A Richer Map for Searching Scientific Literature

A Richer Map for Searching Scientific Literature

  • Published: September 21, 2004
  • DOI: 10.1371/journal.pbio.0020343

Anyone who has used a search engine quickly becomes familiar with both their power and limitations. A key-word search for “bush kerry butterfly county” turns up almost twenty-eight thousand documents, but a scant few of them are of any interest to the botanist studying the butterfly bush in County Kerry. The problem is more circumscribed but no less significant within specialized databases, such as the fourteen-plus million medical journal articles catalogued by PubMed.

It is not so much that the literature is too vast, but that the search strategies are too weak. A simple list of key words used to tag and retrieve a document cannot begin to capture the richness of the information within, especially when that wealth is expressed in syntactically complex sentences like “It has not escaped our notice that the specific pairing we have postulated immediately suggests a possible copying mechanism for the genetic material.”

But there is another way. Rather than simply extracting a limited list of key words from an article's abstract, the entire text of the document can be categorized into classes: some words represent entities (e.g., gene, cellular component, molecular function) and others relationships (e.g., physical association, purpose, comparison, regulation). The entire set of entities and relationships can be linked to create a map of the information within the document, which, like a physical map, captures some of the complexity of the territory it describes.

Humans excel at this type of concept mapping, but their labors are slow and expensive. In this issue, Paul Sternberg and colleagues at the California Institute of Technology (Caltech) describe a computer-based system that performs the same task, and show that it is almost as good as humans at mapping out the scientific literature concerning the laboratory nematode, Caenorhabditis elegans.

Sternberg's system, called Textpresso, includes 33 categories of terms, both of entities and relationships, and a full list of all possible examples for each entity (for genes, for example, this would be specific gene names) and relationship (for physical association, this would include bind, adhere, link, etc.).

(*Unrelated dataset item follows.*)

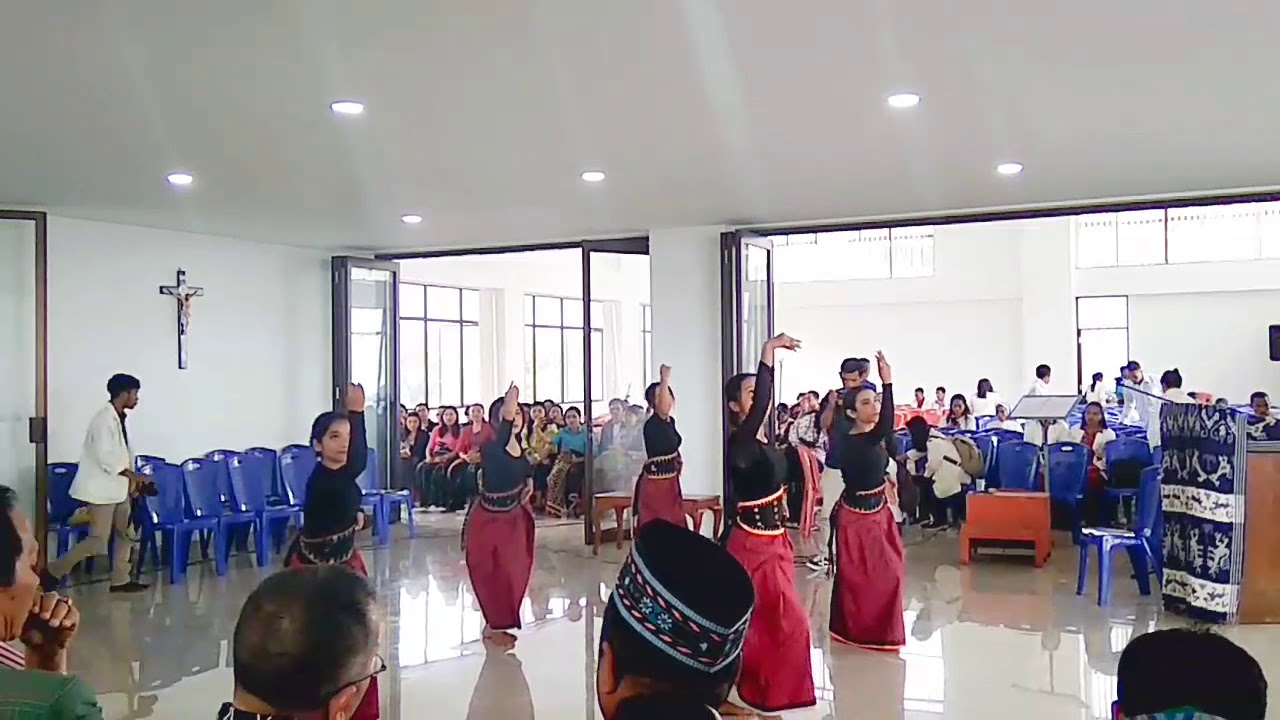 TARIAN KONTEMPORER FKIP MATEMATIKA UNIKA ST.PAULUS RUTENG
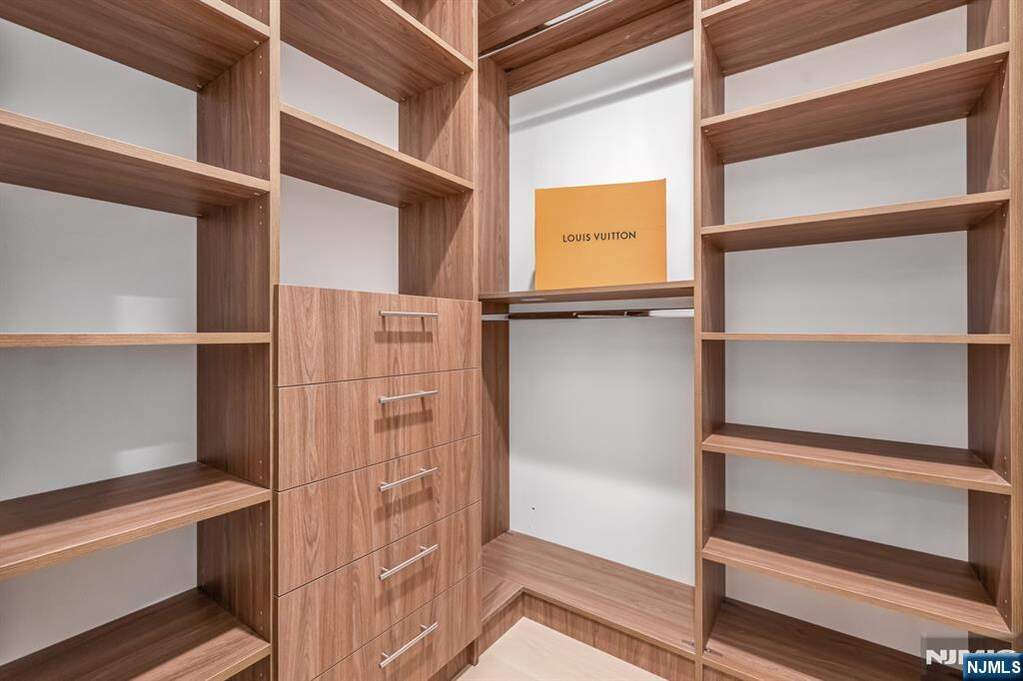 3 Bedroom Villa/Townhouse's Image 16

This collection, called an ontology, is then applied to sentences within the text of a document to map out the relationships within—for instance, the mention of two genes within a sentence along with any form of the word stem “regulat-” indicates that one gene probably regulates the other, and the sentence is marked accordingly. With scores of tags applied, the full markup of a sentence is typically much longer than the sentence itself. Currently, Textpresso has marked up almost 4,000 full-text articles on C. elegans, representing 60% of the entire literature.

Identifying terms in scientific prose


The final result is a document that can be queried in subtle ways impossible with mere key words. For instance, to find entities (whether they be transcription factors, small molecules, or anything else described to date) that interact with the aging-related gene daf-16, one enters the terms “daf-16” and “association.” Textpresso returns 125 publications, with citations and links to the articles. (Textpresso is available at The results can be further refined by adding other entities or relationships, as well as by specifying author, journal, or year of publication.

Textpresso's ability to find relevant documents, and ignore irrelevant ones, is still not as great as an expert human curator of the same literature. But the system can be constantly tweaked to get better and better. This process requires human intervention, and the Caltech team does not think this is likely to be automated anytime soon. On the other hand, the structure of Textpresso, and to some extent the ontological lists from C. elegans, can be used for literature analysis of other model organisms. Finally, the fully annotated literature within a field is not only a repository of scientific facts, but also a data mine of human communication, which can be queried for patterns having little to do with model organisms and much to do with how scientists communicate with each other.